1. A method of performing multipoint-to-point digital radio frequency transmission, the method comprising:

receiving analog radio frequency signals in a plurality of digital remote units;

converting the analog radio frequency signal to a digital radio frequency signal in each of the digital remote units;

optically transmitting said digital radio frequency signals from each of said digital remote units to a digital host unit;

receiving the plurality of digital radio frequency signals in the digital host unit;

digitally summing the plurality of digital radio frequency signals together, wherein the plurality of digital radio frequency signals have been received from the plurality of digital remote units, and wherein an overflow algorithm is used to keep the sum of the plurality of digital radio frequency signals within a predetermined number of resolution bits; and

the digitally summed digital radio frequency signals are converted back into analog radio frequency signals and these signals are sent to the radio interface device for further transmission to the switched telephone network.

2. The method of claim 1, wherein the converting of the analog radio frequency signal to a digital radio frequency signal comprises amplifying the analog radio frequency signal.

3. The method of claim 1, wherein the converting of the analog radio frequency signal to the digital radio frequency signal comprises synchronizing a reverse path local oscillator with a master clock to reduce end-to-end frequency translation.

4. A digital radio frequency transport system comprising a digital host unit and at least two digital remote units communicatively coupled to said digital host unit, wherein said digital host unit comprises circuitry for performing bi-directional simultaneous digital radio frequency distribution of digital radio frequency signals between said digital host unit and said at least two digital remote units; wherein the digital host unit digitally sums the digital radio frequency signals received at the digital host unit from the at least two digital remote units, wherein an overflow algorithm is used to keep the sum of the plurality of digital radio frequency signals within a predetermined number of resolution bits.

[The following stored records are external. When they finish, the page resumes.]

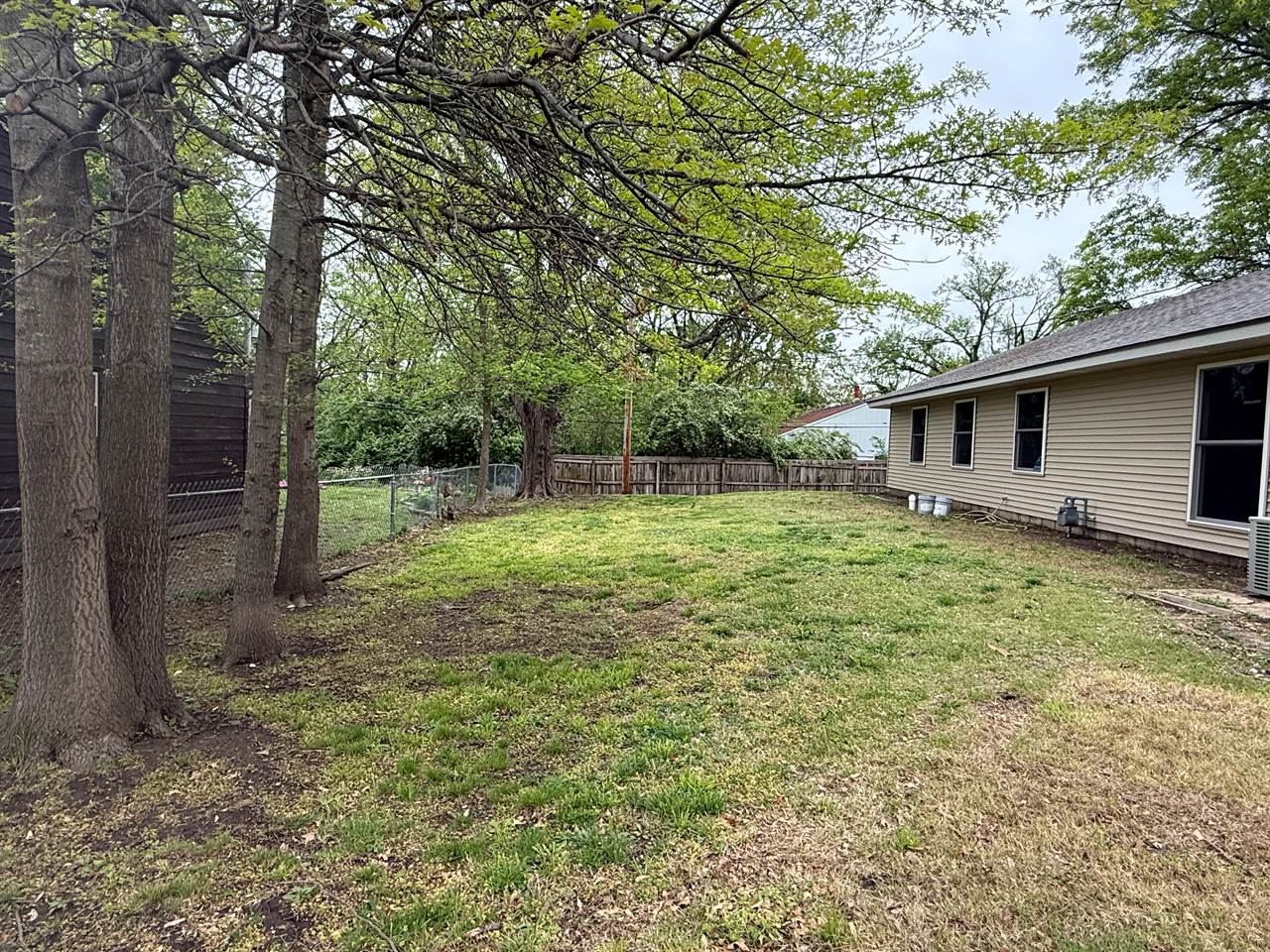 4212 SW 28th TER, Topeka, KS 66611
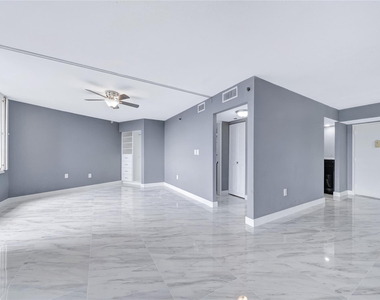 1100 Saint Charles Place - Photo Thumbnail 24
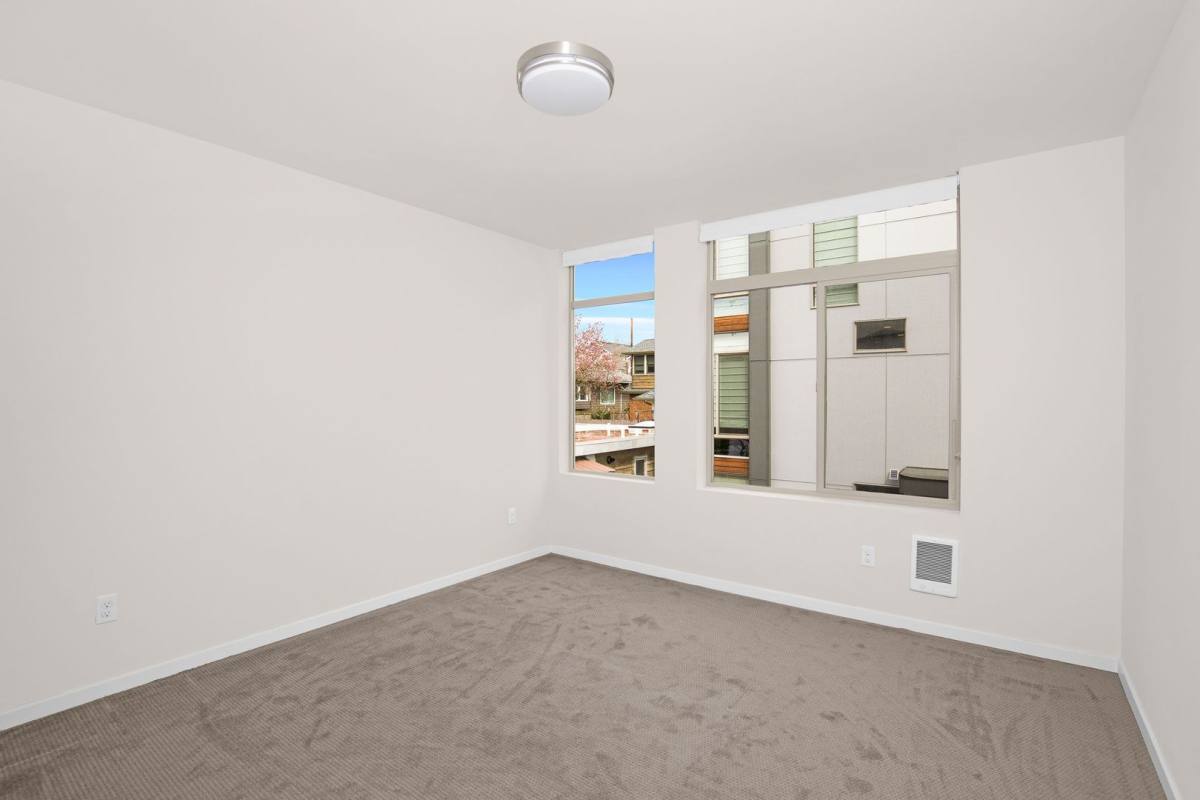 Townhouse for rent at 824 NW 63rd St, Seattle, WA 98107
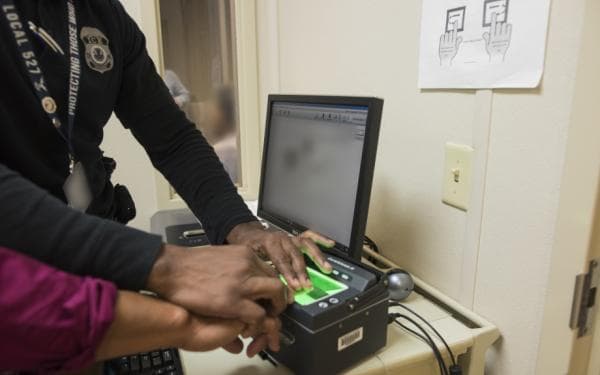 Cuando una persona es arrestada en Estados Unidos, sus huellas dactilares son cotejadas con bases de datos federales y si se detecta que una persona es indocumentada, muchas ciudades y condados dan aviso a ICE para que esté al tanto.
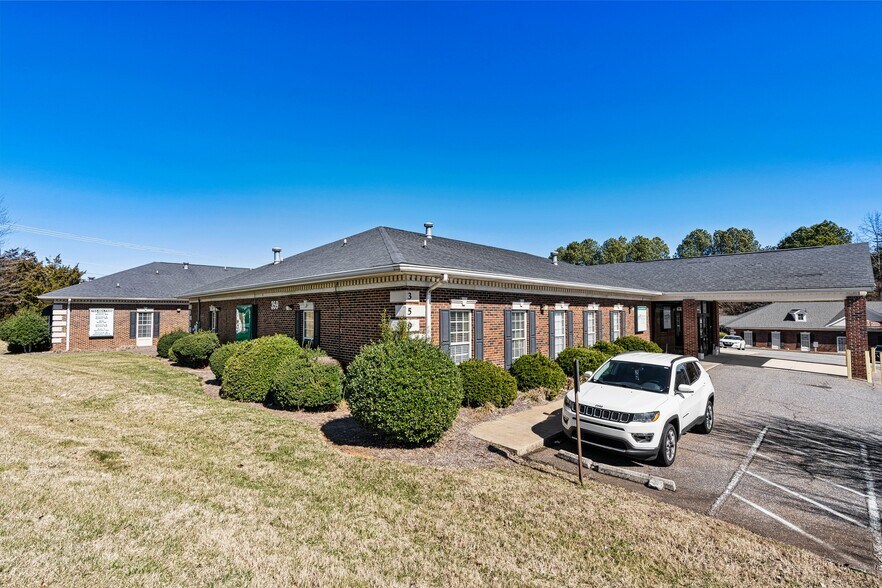 More Photos Of 357-359 Williamson Rd, Mooresville Medical For Sale
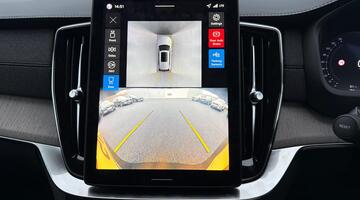 2025 Volvo 2.0 T8 18.8kWh Ultra Dark Auto 4WD Euro 6 5-door (Black) - Image: 81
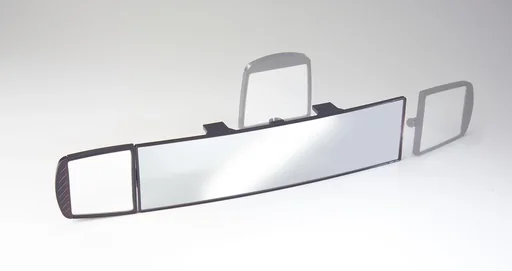 "Wide-angle mirror with additional mirror image"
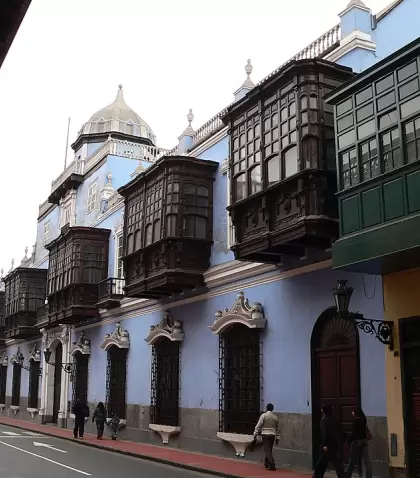 El Centro Hist�rico de Lima re�ne arquitectura colonial, balcones tradicionales y algunos de los edificios m�s importantes del pa�s.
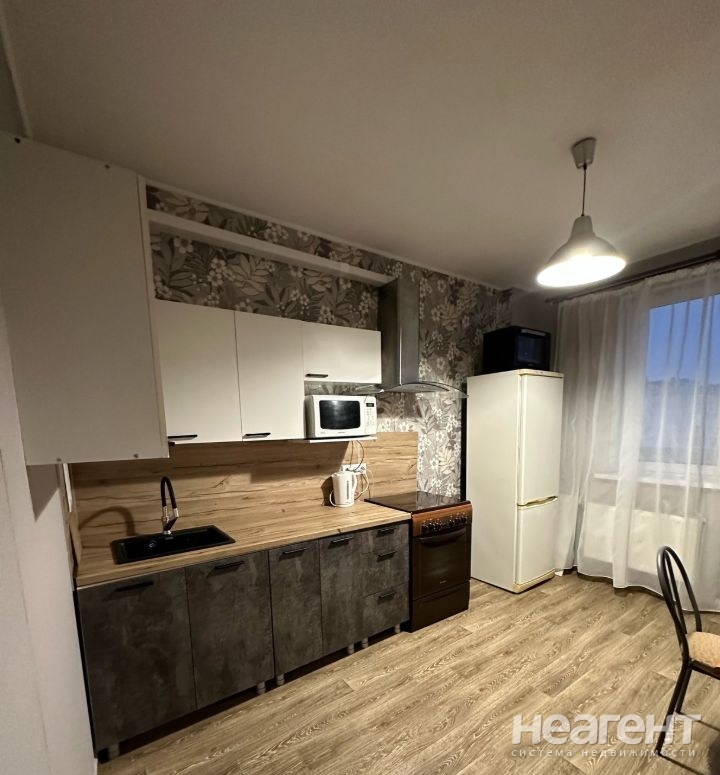 Сдается 2-х комнатная квартира, 69 м²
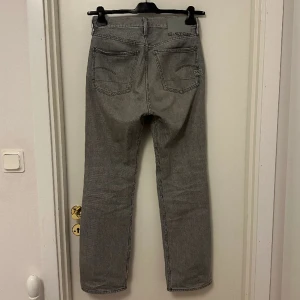 Grå G-Star Jeans - Ljusgråa G-Star jeans i modellen ”Type 49 RELAXED STRAIGHT Jeans”. Nypris: 1300kr. Sparsamt använda utan några skador. Hör gärna av er för om intresserade!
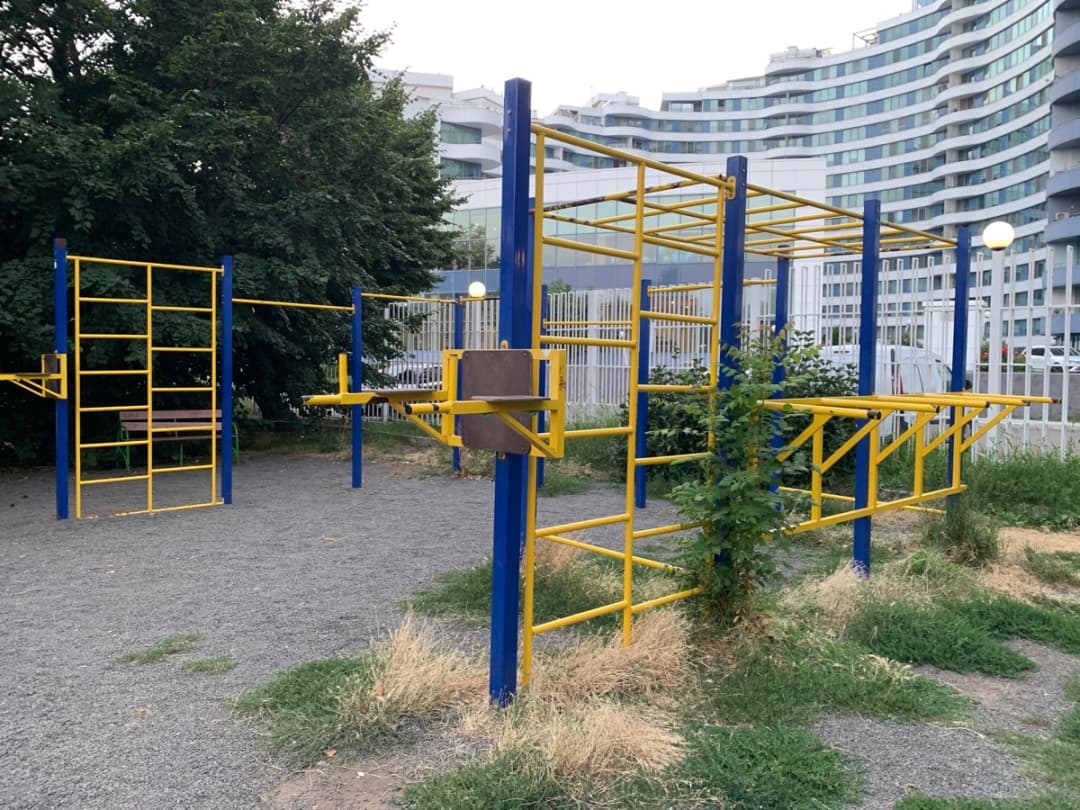 Турнік на майданчику Calisthenics Park at Літературна вулиця, Одеса – фото 1 з 1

5. A digital radio frequency transport system comprising a digital host unit, a digital extension unit communicatively coupled to said digital host unit, and at least two digital remote units communicatively coupled to said digital extension unit, wherein at least one of said digital host unit and digital extension unit includes circuitry for performing bi-directional simultaneous digital radio frequency distribution of digital radio frequency signals between said digital host unit or digital extension unit and said at least two digital remote units; wherein at least one of the digital host unit and digital extension unit digitally sums the digital radio frequency signals received at the digital host unit or digital extension unit from the at least two digital remote units, wherein an overflow algorithm is used to keep the sum of the plurality of digital radio frequency signals within a predetermined number of resolution bits.